═══ DATASET ENTRIES
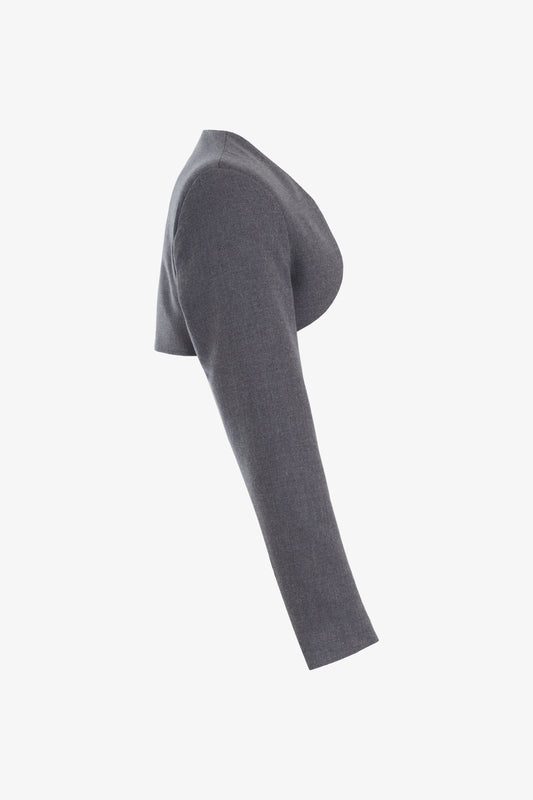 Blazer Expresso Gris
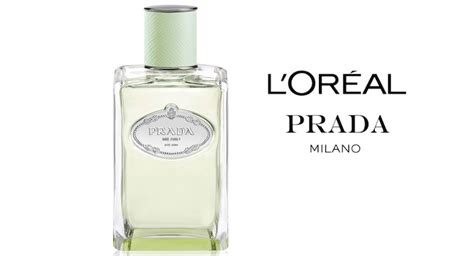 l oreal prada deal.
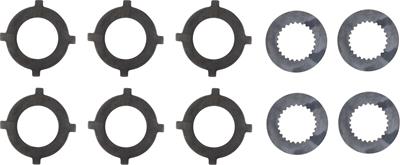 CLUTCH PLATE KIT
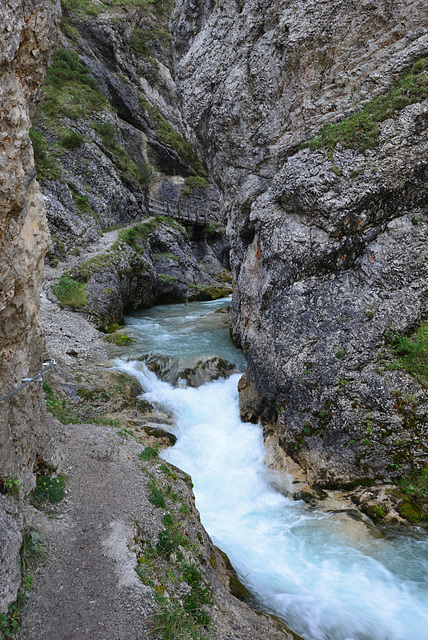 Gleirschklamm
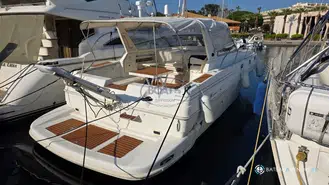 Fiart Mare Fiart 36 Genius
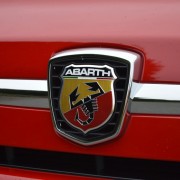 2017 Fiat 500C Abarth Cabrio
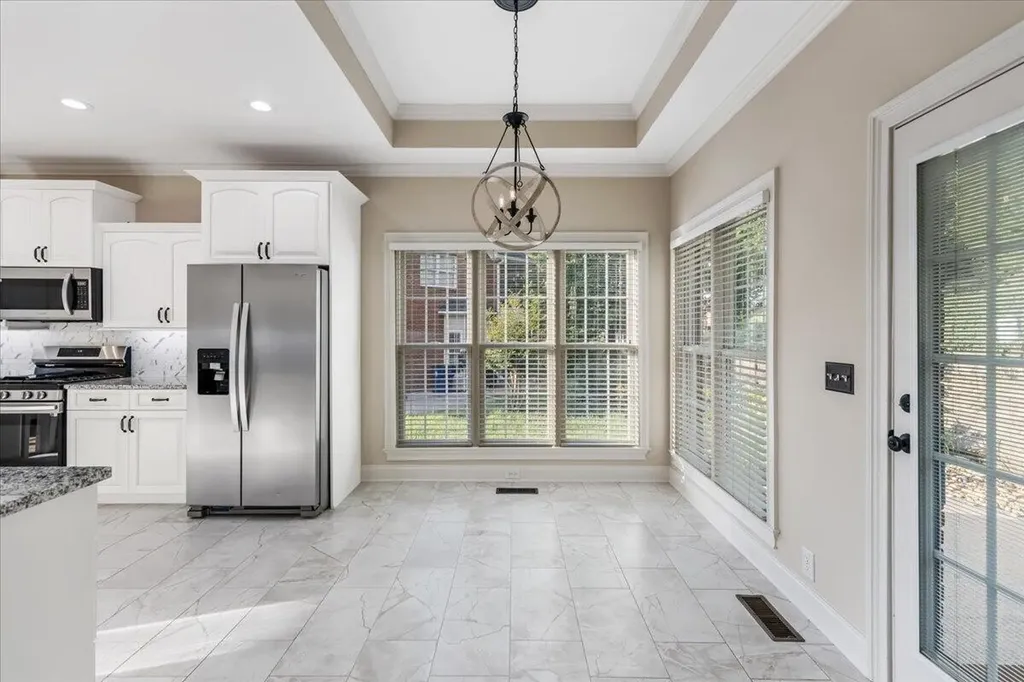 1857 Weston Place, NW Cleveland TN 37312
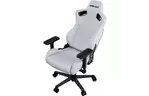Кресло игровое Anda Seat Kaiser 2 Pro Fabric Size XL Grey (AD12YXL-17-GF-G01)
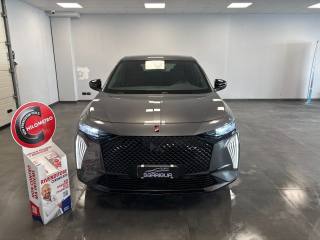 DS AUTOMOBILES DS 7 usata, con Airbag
══════
═══ DATASET ENTRIES
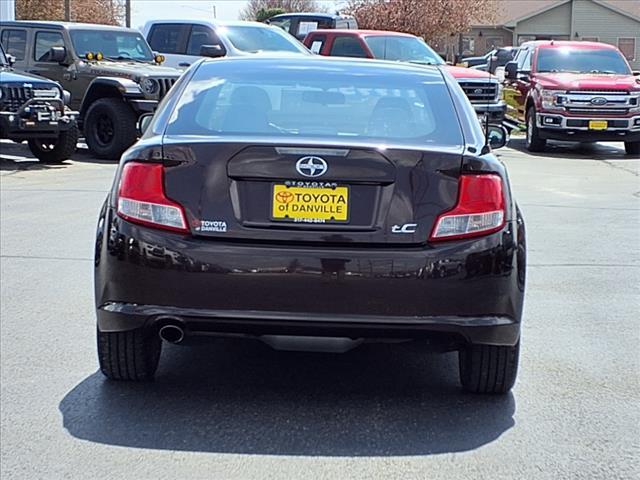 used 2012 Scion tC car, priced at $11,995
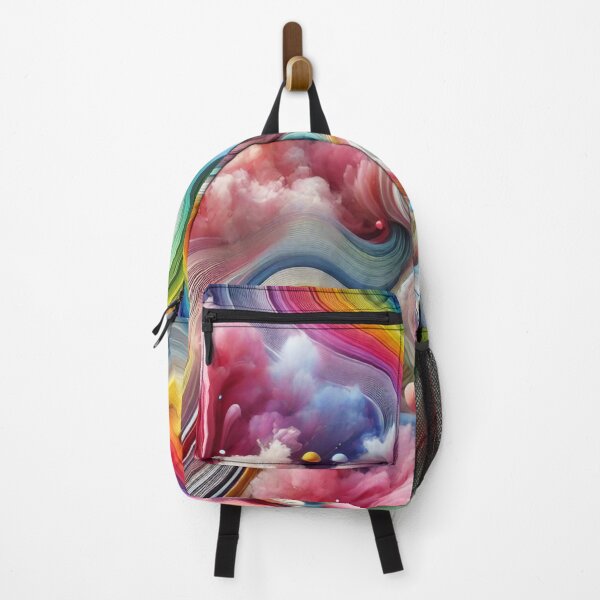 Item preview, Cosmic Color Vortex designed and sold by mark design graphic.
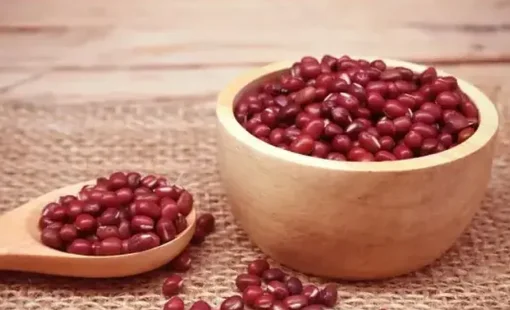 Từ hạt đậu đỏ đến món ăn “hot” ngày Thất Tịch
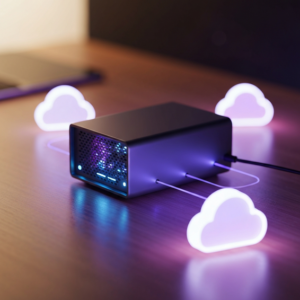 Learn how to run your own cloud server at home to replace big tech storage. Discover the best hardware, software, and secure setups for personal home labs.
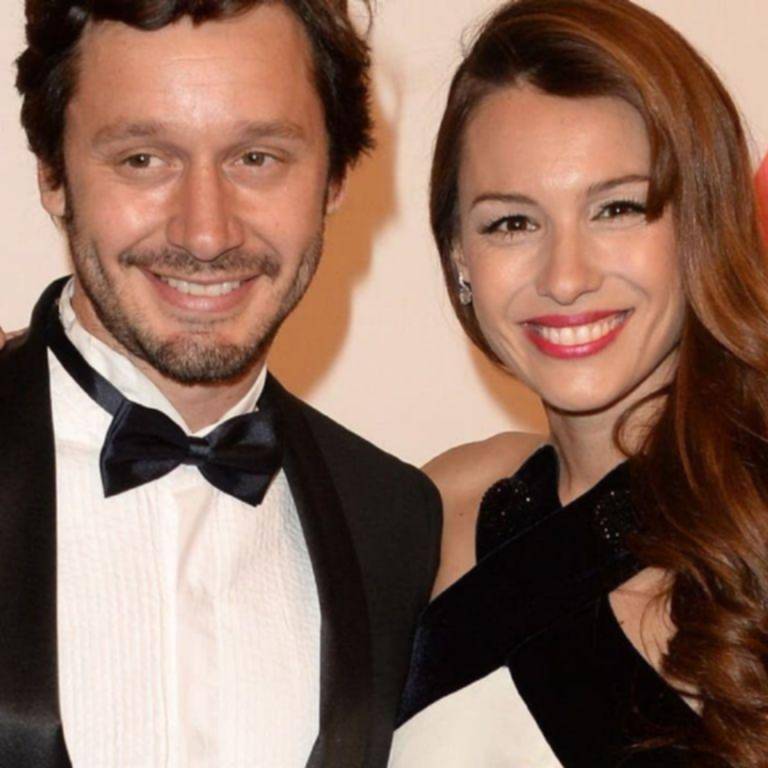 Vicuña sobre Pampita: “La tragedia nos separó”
══════
From the material above, give again exactly the lines from the one that contains "Blazer Expresso Gris" through the one that contains "DS AUTOMOBILES DS 7 usata, con Airbag", and leave out the pictures.

 Blazer Expresso Gris
 l oreal prada deal.
 CLUTCH PLATE KIT
 Gleirschklamm
 Fiart Mare Fiart 36 Genius
 2017 Fiat 500C Abarth Cabrio
 1857 Weston Place, NW Cleveland TN 37312
Кресло игровое Anda Seat Kaiser 2 Pro Fabric Size XL Grey (AD12YXL-17-GF-G01)
 DS AUTOMOBILES DS 7 usata, con Airbag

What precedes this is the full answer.